Exercise goal:
Return the following from the records below: each line, word for word, starting with the line that contains "Motor & Fan" and going on through the line that contains "Купить дом 4-х", with nothing outside that range.

*** Data for the task

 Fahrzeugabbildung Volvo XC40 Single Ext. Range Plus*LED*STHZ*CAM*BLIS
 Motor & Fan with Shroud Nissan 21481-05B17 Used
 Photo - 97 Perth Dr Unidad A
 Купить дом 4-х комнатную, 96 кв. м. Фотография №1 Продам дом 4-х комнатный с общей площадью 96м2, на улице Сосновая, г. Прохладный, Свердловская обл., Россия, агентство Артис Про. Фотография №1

******
*** Data for the task

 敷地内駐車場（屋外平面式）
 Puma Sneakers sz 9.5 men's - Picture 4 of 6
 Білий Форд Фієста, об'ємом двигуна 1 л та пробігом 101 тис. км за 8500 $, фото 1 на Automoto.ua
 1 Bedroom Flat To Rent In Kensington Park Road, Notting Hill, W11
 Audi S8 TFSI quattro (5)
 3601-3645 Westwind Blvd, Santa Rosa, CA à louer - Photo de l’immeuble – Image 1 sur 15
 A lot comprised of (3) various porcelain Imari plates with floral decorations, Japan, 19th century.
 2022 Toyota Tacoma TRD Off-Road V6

******
*** Data for the task

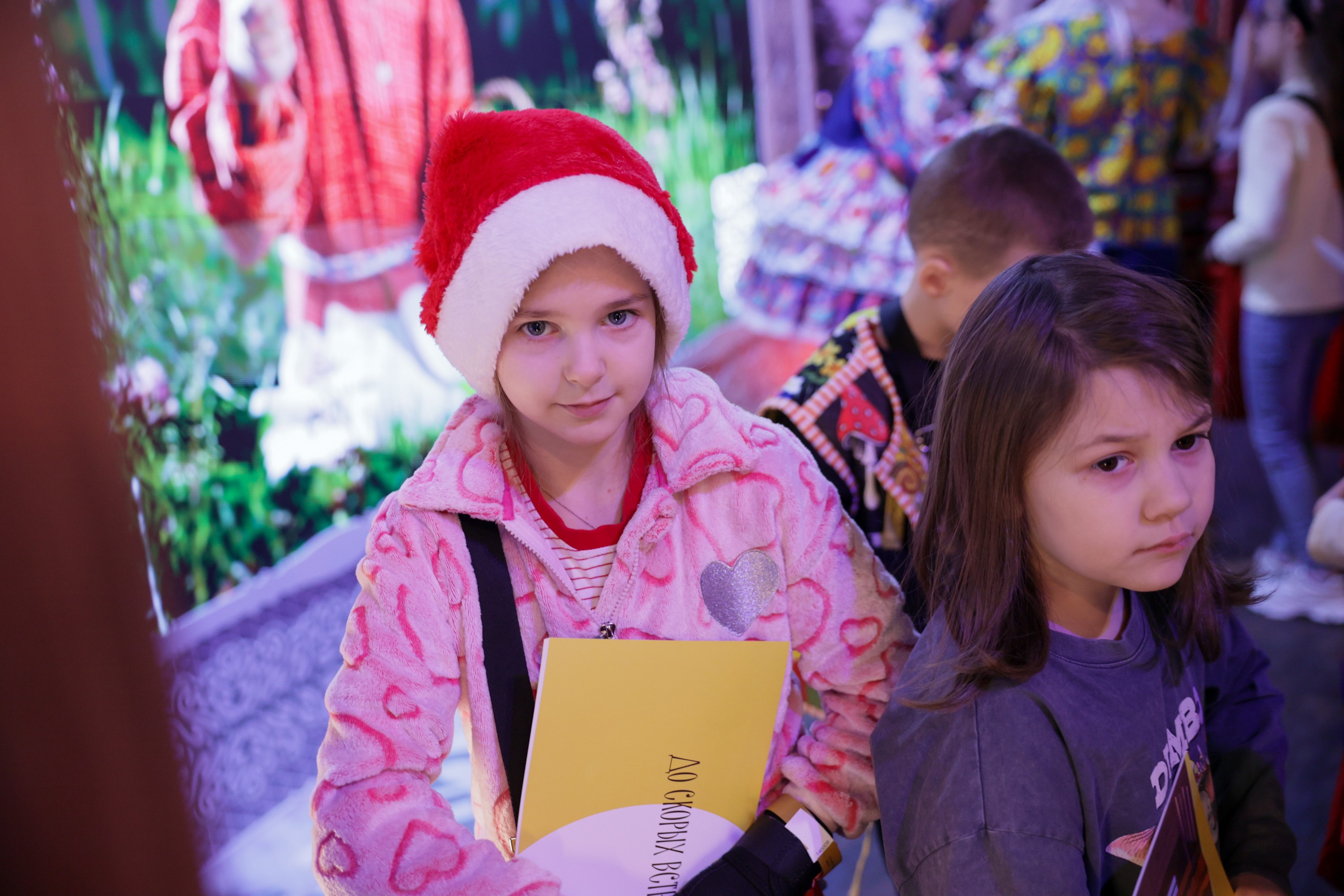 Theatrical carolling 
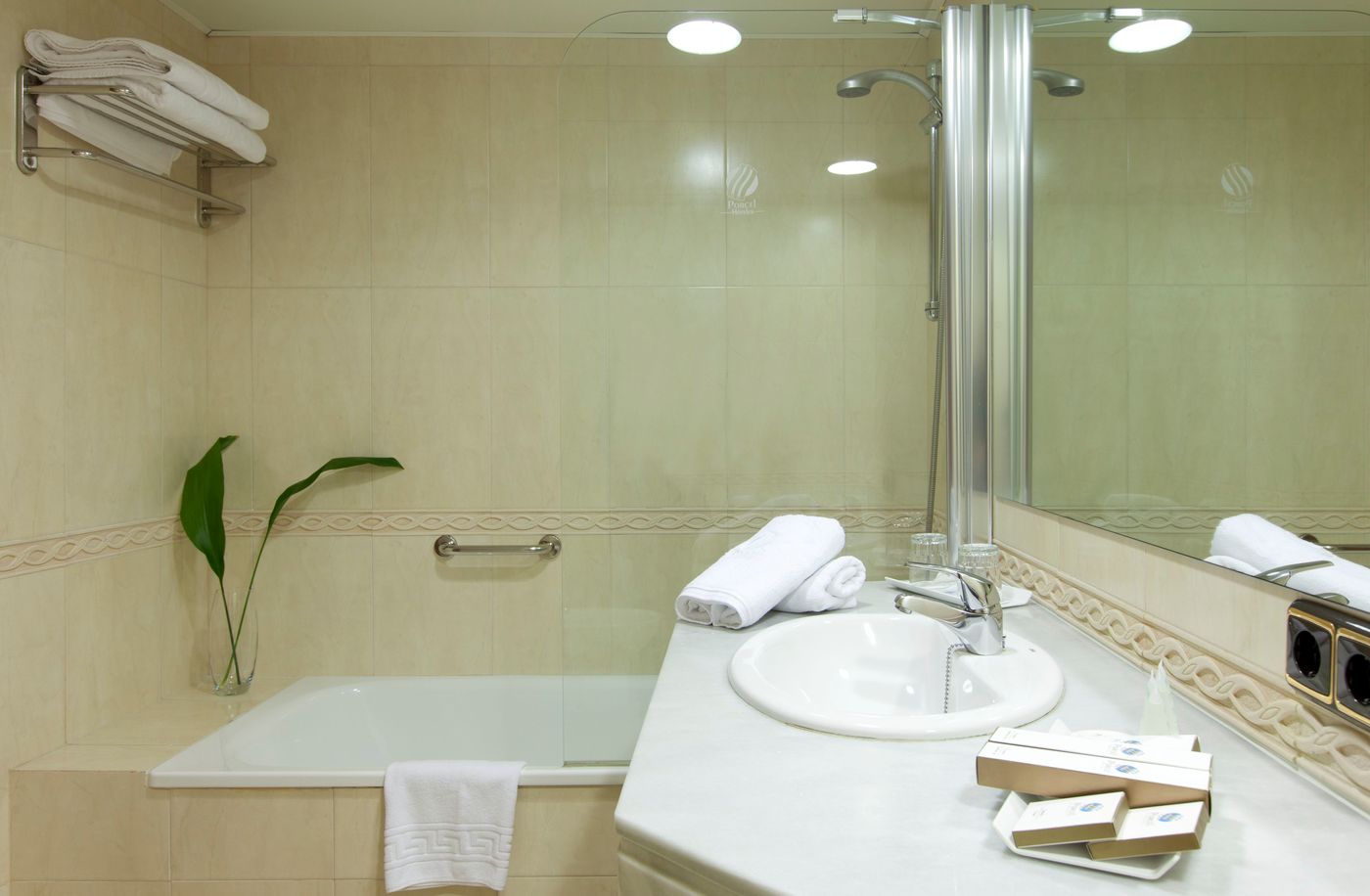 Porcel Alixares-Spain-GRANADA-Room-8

******

Your response:
 Motor & Fan with Shroud Nissan 21481-05B17 Used
 Photo - 97 Perth Dr Unidad A
 Купить дом 4-х комнатную, 96 кв. м. Фотография №1 Продам дом 4-х комнатный с общей площадью 96м2, на улице Сосновая, г. Прохладный, Свердловская обл., Россия, агентство Артис Про. Фотография №1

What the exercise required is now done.